Graph (a) plots amount of yeast versus time of growth in hours. The curve rises steeply, and then plateaus at the carrying capacity. Data points tightly follow the curve. Graph (b) plots the number of harbor seals versus time in years. Again, the curve rises steeply then plateaus at the carrying capacity, but this time there is much more scatter in the data. A micrograph of yeast cells, which are oval in shape, and a photo of a harbor seal are shown.
Figure 5.6 (a) Yeast grown in ideal conditions in a test tube shows a classical S-shaped logistic growth curve, whereas (b) a natural population of seals shows real-world fluctuation. The yeast is visualized using differential interference contrast light micrography. (credit a: scale-bar data from Matt Russell)

Population Dynamics and Regulation

The logistic model of population growth, while valid in many natural populations and a useful model, is a simplification of real-world population dynamics. Implicit in the model is that the carrying capacity of the environment does not change, which is not the case. The carrying capacity varies annually. For example, some summers are hot and dry whereas others are cold and wet; in many areas, the carrying capacity during the winter is much lower than it is during the summer. Also, natural events such as earthquakes, volcanoes, and fires can alter an environment and hence its carrying capacity. Additionally, populations do not usually exist in isolation. They share the environment with other species, competing with them for the same resources (interspecific competition). These factors are also important to understanding how a specific population will grow.

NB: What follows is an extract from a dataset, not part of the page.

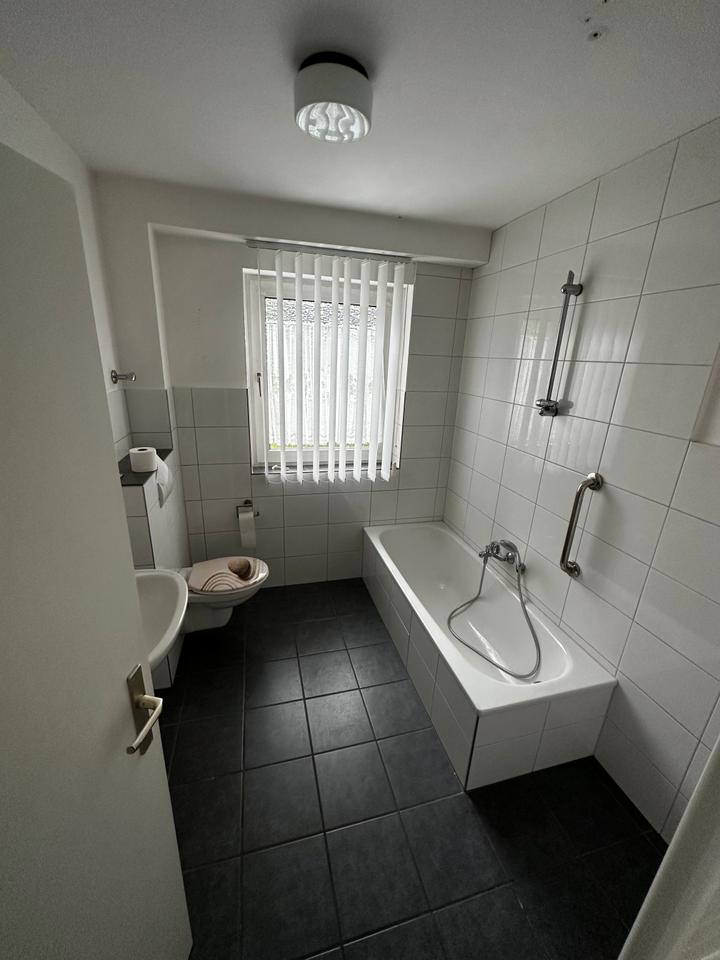 Thumbnail-Neue renovierte 1-Zimmer WHG mit Kühe und Möbel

Population growth is regulated in a variety of ways. These are grouped into density-dependent factors, in which the density of the population affects growth rate and mortality, and density-independent factors, which cause mortality in a population regardless of population density. Wildlife biologists, in particular, want to understand both types because this helps them manage populations and prevent extinction or overpopulation.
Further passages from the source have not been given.